Como otros de sus colegas, concedió que “siempre fue maltratado” el instituto creado por Ángel Roffo. “Y siempre se intentó seguir sus pasos”, insistió Gianni, con visible orgullo de la historia de esos pabellones. Entre otros logros, Roffo es reconocido en el mundo por documentar ya antes de mediados del siglo pasado la relación entre el tabaquismo y el cáncer.
El equipo del Servicio de Cuidados Paliativos no dudó en expresar una “profunda preocupación” por el acceso de los pacientes, en especial los de menores recursos, a los medicamentos para el alivio del dolor: el trámite que ahora tienen que hacer ante el PAMI “demora bastante para lo que es su necesidad”. También, por la cobertura de prestaciones que obras sociales ahora no cubren, como la consulta en psicología, por la que pacientes tienen que abonar $10.000 de bolsillo.
En su caso, como otros, recurren al poliempleo para reforzar el salario que para el personal de planta “con varios años de antigüedad” arranca en $1 millón bruto, comparado con el ingreso de un profesional de igual cargo y años en un hospital dependiente del gobierno porteños, que es de $1,8 millones. “Son los salarios más bajos del Estado los del personal de los hospitales universitarios”, señalaron junto a Álvaro Sauri, que fue jefe del servicio durante 32 años. Viste el ambo de colores que distingue a los integrantes del voluntariado social del Roffo que, ahora, coordina.

A la par del abrazo del Roffo, se dio otra jornada de paro en el Hospital Garrahan. La medida de fuerza, cerrada la conciliación obligatoria, estaba anunciada la semana pasada y, con la designación como director médico de Mariano Pirozzo, exinterventor del Hospital Bonaparte, se sumó un motivo a la protesta que encabezan los gremios con representación interna.
Se esperaba para hoy una primera reunión del nuevo director con jefes de servicio a modo de presentación formal y para interiorizarse de la situación en las distintas áreas. Además, los residentes informaron que participarían esta noche de una nueva marcha de velas.
En el Garrahan indicaron a LA NACION que, por el paro, el hospital estaba funcionando con servicios reducidos.

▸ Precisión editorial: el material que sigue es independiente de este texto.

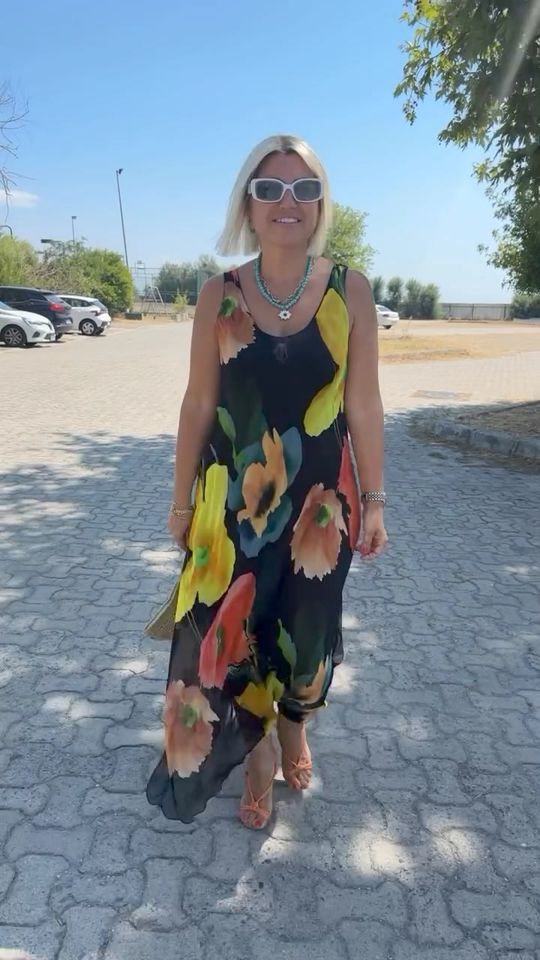 Elegant Floral Dress Promo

Se garantizaba la atención de urgencias, de los pacientes internados, las cirugías que no se pueden posponer y se reprogramaron turnos ambulatorios si era posible. “Puertas adentro, se estuvo trabajando”, respondieron.

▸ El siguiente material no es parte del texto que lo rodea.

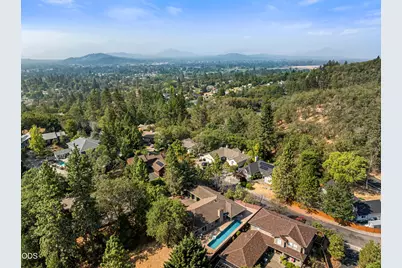 1615 NW Olmar Drive, Grants Pass, OR 97526 - Photo 36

Por la tarde, en una marcha de velas organizada por la Asamblea de Residentes y Concurrentes de la Ciudad Autónoma de Buenos Aires, los profesionales se reunieron en el cruce de las avenidas Corrientes y Callao y marcharon hasta el Obelisco.
En la movilización, reiteraron los reclamos contra el Gobierno por el “vaciamiento” de los hospitales nacionales Bonaparte, Garrahan y Posadas y cuestionaron el cambio del sistema de residencias que comenzará a regir en septiembre próximo solo para las becas financiadas por el Ministerio de Salud de la Nación. Sostuvieron que “se deja de considerar al sector como trabajadores” en ese programa de formación de posgrado.